**Work to complete:** Recreate the listing that follows line for line, without pictures.

**Collected data:**
>>>
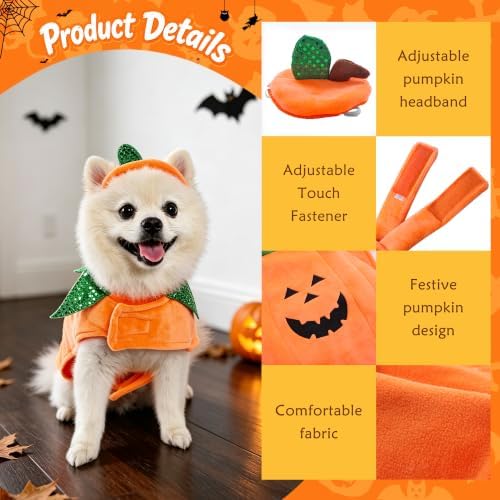 Yoption Halloween Dog Pumpkin Costumes with Hat for Dogs Cats, X-Large - Image 2
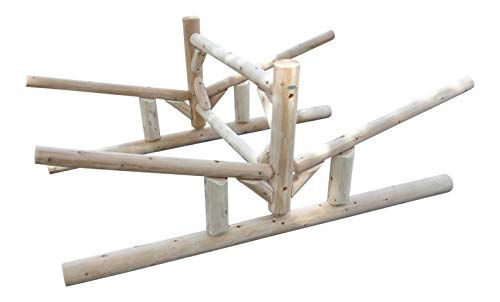 Log Kayak Rack 2-Canoe + 2-Kayak/SUP Storage Unfinished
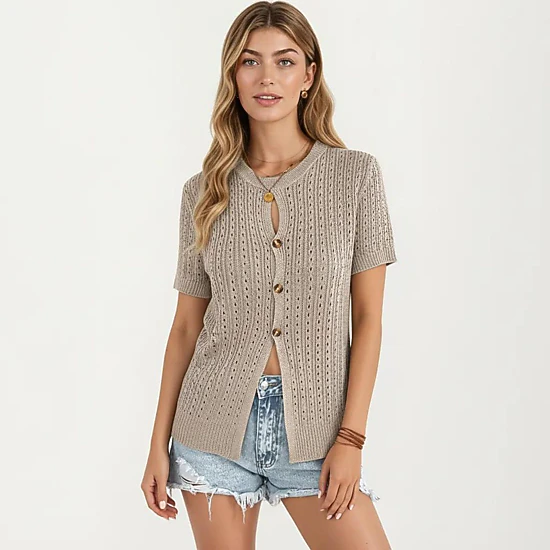 Anna-Kaci Women's Short Sleeve Open Knit Button Front Sweater Top with Crew Neck and Relaxed Fit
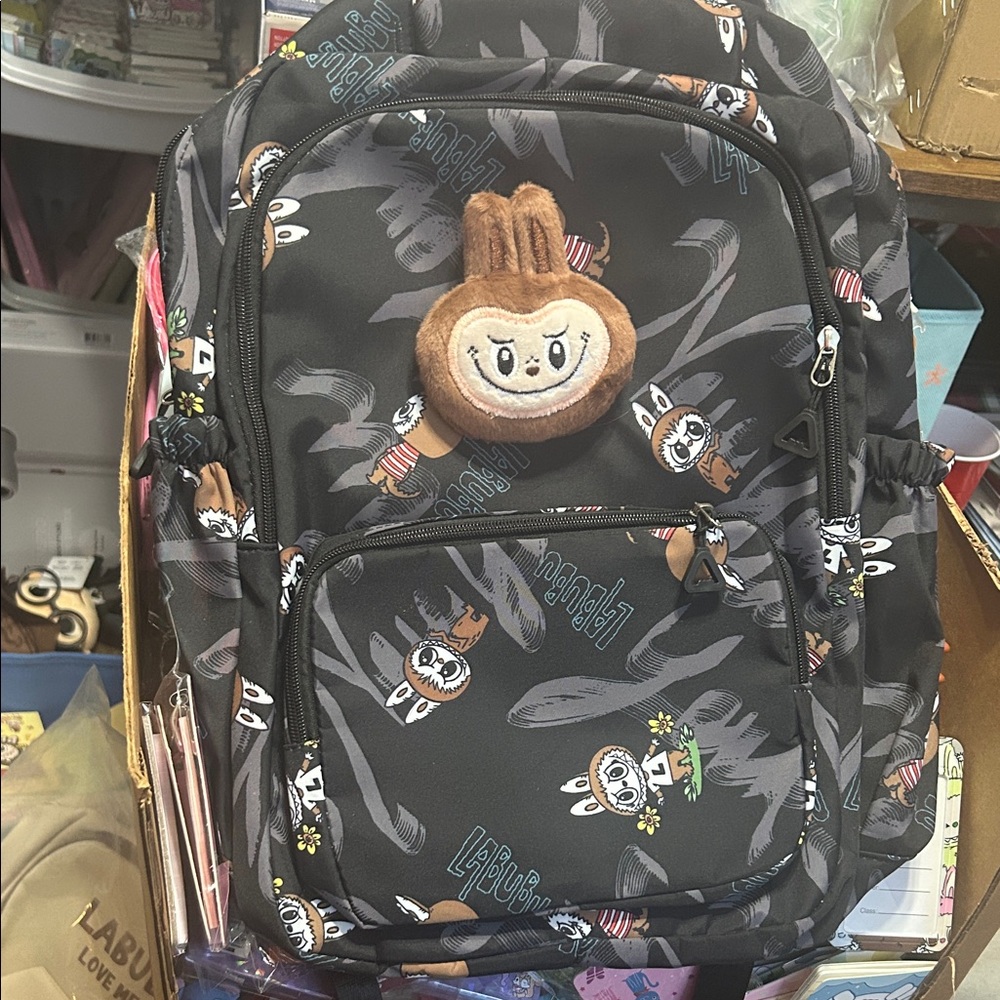 Black Character Print Backpack with Plush Charm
<<<
**Reply to the exercise:**
 Yoption Halloween Dog Pumpkin Costumes with Hat for Dogs Cats, X-Large - Image 2
 Log Kayak Rack 2-Canoe + 2-Kayak/SUP Storage Unfinished
 Anna-Kaci Women's Short Sleeve Open Knit Button Front Sweater Top with Crew Neck and Relaxed Fit
 Black Character Print Backpack with Plush Charm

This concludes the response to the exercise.